708 Quantification of Methane Emission Rates from Unconventional Natural Gas Completion Activities

Wednesday, 13 January 2016
Andrea Clements, Colorado State University, Fort Collins, CO; and L. P. MacDonald, A. Hecobian, K. Shonkwiler, B. Wells, Y. Zhou, Y. Desyaterik, J. M. Ham, J. R. Pierce, and J. L. Collett Jr.

Increased oil and natural gas development in the United States has spurred concern about methane leak rates and their impact on global climate change. These concerns have fostered research efforts focused on quantifying methane emission rates. Much of the initial work has focused on basin-wide emission estimates giving an average leak rate per well or component-based emission estimates which can be scaled up to well pad leak rates.

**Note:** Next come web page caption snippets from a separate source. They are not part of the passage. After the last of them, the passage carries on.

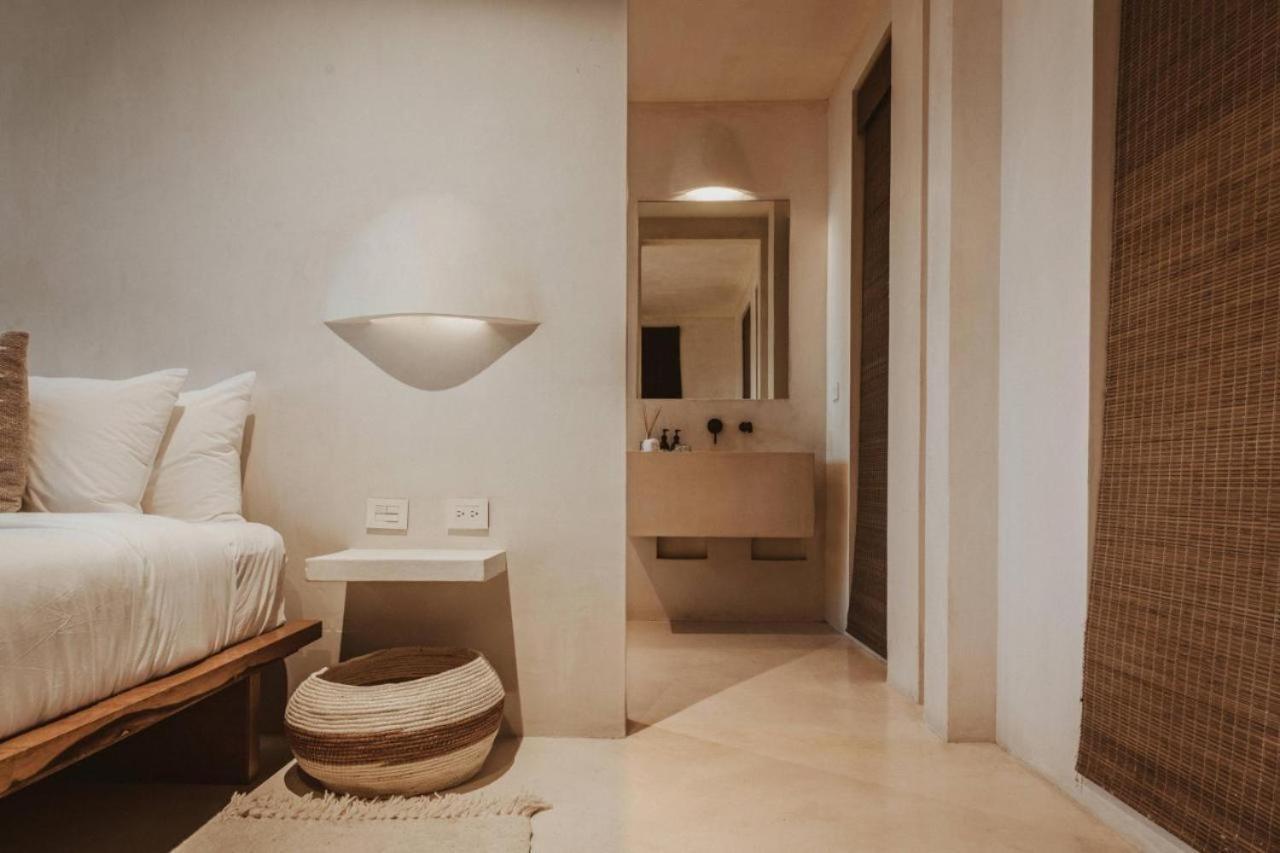 Hotel Downtown (adults Only) Tulum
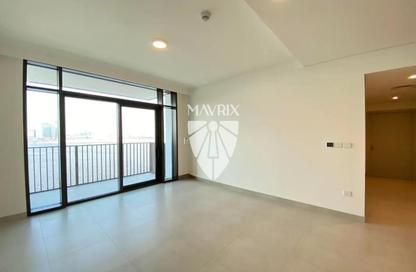 Apartment - 2 Bedrooms - 2 Bathrooms for sale in Creek Crescent - Dubai Creek Harbour (The Lagoons) - Dubai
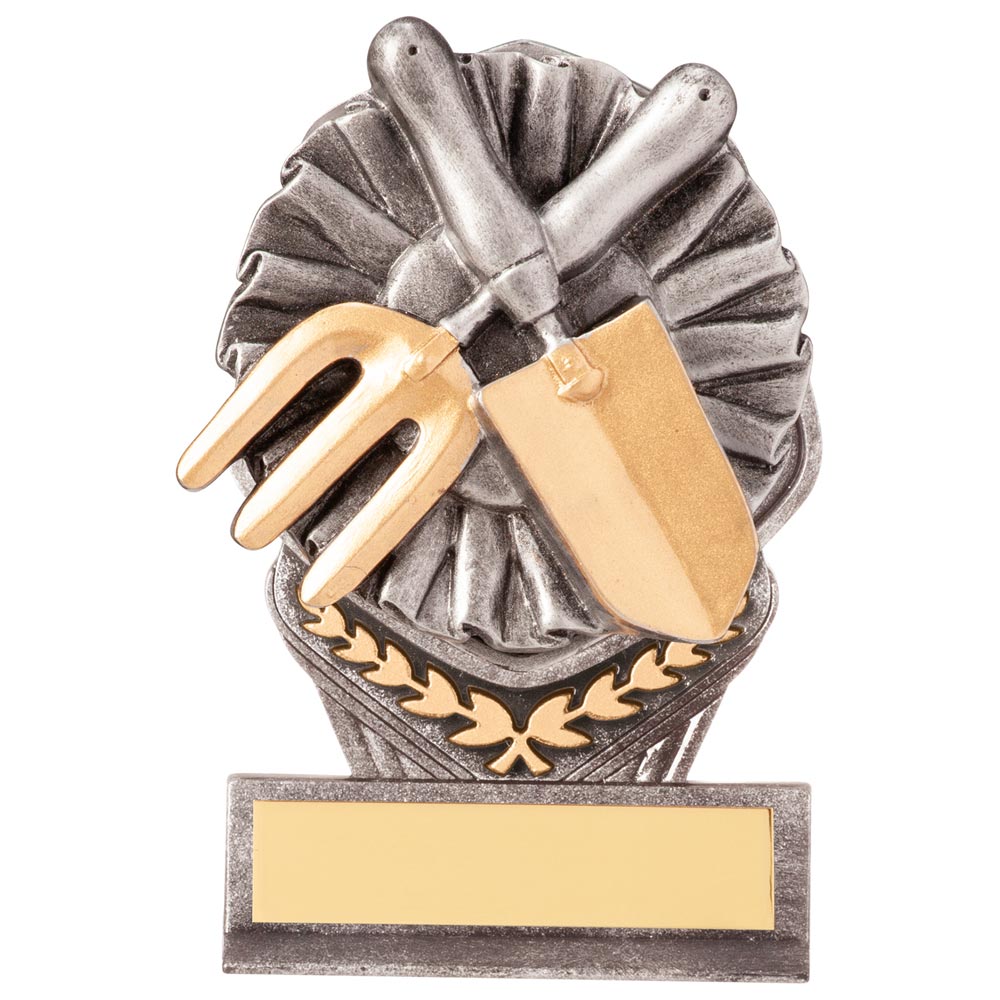 Falcon Gardening Award - PA20100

In an effort to directly measure and quantify the variability of methane emission rates from development and completion activities, rates were quantified for a number of new unconventional natural gas wells in Garfield County, CO between 2013 and 2015. This work focused on the development and completion portion of new well construction which has a short duration when compared to the production lifetime of a well. Emission rates from such operations are not yet well quantified but have been hypothesized to be much greater than emission rates from producing wells. The project included measurements at a number of different geographic locations in partnership with three of the largest operators working with a number of different subcontractors and various emission controls within a region producing mainly dry natural gas from tight sand formations. Methane emission rates were measured from drilling, fracking, flowback, and simultaneous operations using the tracer ratio method. Rates varied by several orders of magnitude within operational categories with flowback showing the highest overall emission rates measured.